- EXERCISE AIM:
Output each entry verbatim. Leave the images out.

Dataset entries
◇ ◇ ◇ ◇

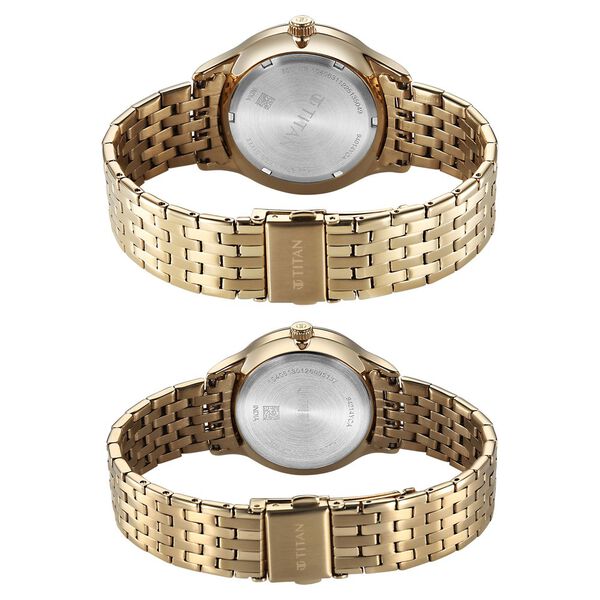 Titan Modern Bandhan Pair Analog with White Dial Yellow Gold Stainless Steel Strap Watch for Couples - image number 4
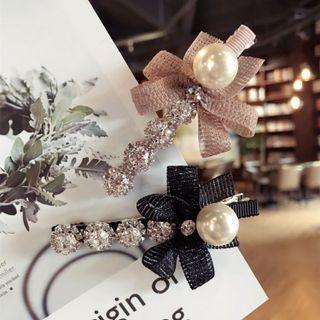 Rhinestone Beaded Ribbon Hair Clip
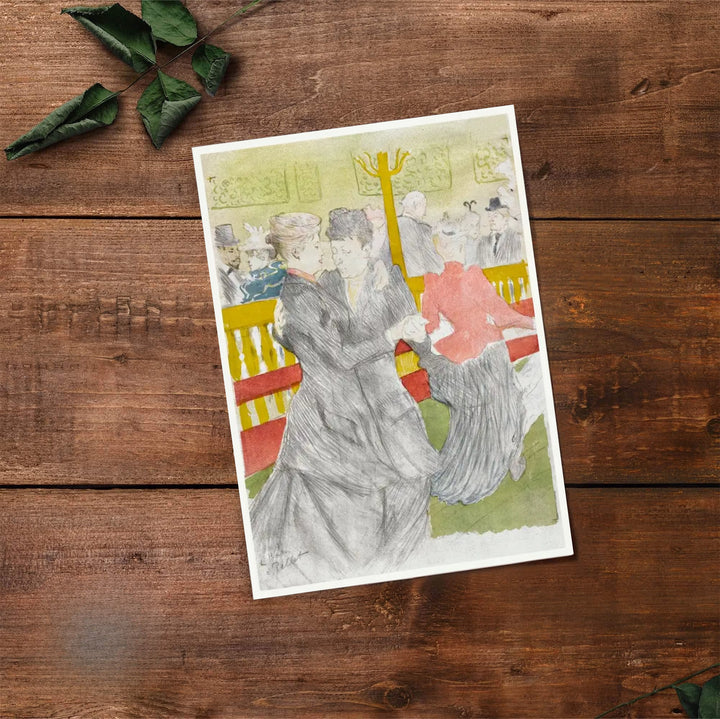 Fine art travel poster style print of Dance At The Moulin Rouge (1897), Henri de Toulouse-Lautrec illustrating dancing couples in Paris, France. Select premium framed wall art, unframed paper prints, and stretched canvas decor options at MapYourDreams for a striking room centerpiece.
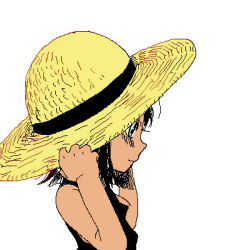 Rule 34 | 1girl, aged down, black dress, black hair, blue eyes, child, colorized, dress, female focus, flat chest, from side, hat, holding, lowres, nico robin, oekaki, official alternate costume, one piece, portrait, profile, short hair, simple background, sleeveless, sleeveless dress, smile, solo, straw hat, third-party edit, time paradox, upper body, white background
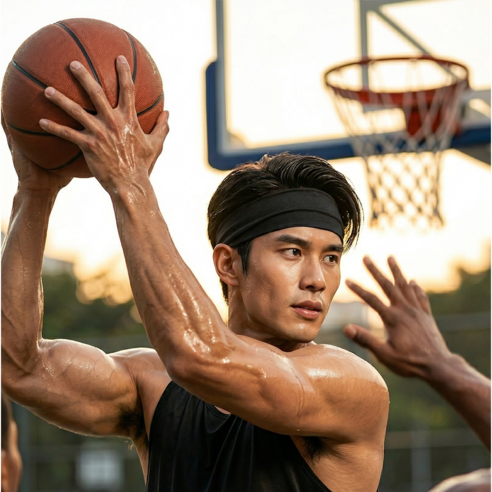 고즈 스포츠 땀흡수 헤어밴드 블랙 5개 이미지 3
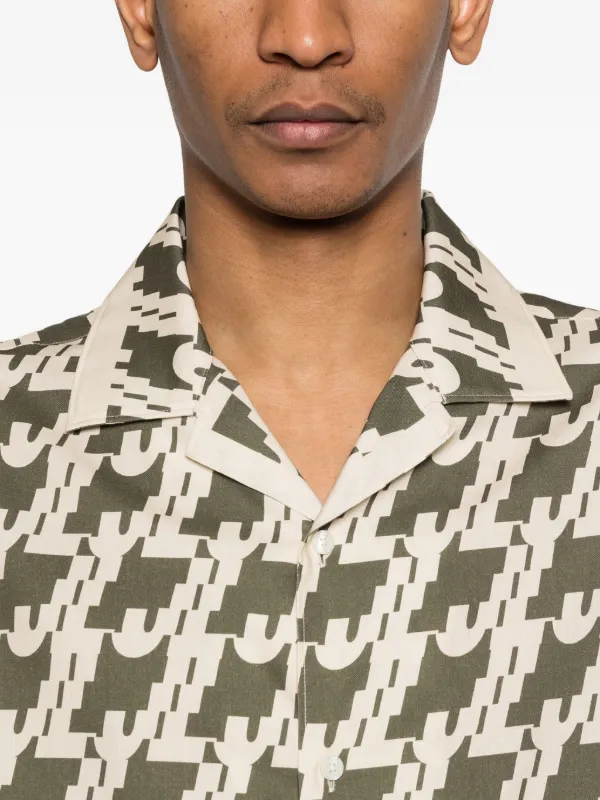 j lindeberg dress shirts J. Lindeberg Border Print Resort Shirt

◇ ◇ ◇ ◇

- EXERCISE RESPONSE:
 Titan Modern Bandhan Pair Analog with White Dial Yellow Gold Stainless Steel Strap Watch for Couples - image number 4
 Rhinestone Beaded Ribbon Hair Clip
 Fine art travel poster style print of Dance At The Moulin Rouge (1897), Henri de Toulouse-Lautrec illustrating dancing couples in Paris, France. Select premium framed wall art, unframed paper prints, and stretched canvas decor options at MapYourDreams for a striking room centerpiece.
 Rule 34 | 1girl, aged down, black dress, black hair, blue eyes, child, colorized, dress, female focus, flat chest, from side, hat, holding, lowres, nico robin, oekaki, official alternate costume, one piece, portrait, profile, short hair, simple background, sleeveless, sleeveless dress, smile, solo, straw hat, third-party edit, time paradox, upper body, white background
 고즈 스포츠 땀흡수 헤어밴드 블랙 5개 이미지 3
 j lindeberg dress shirts J. Lindeberg Border Print Resort Shirt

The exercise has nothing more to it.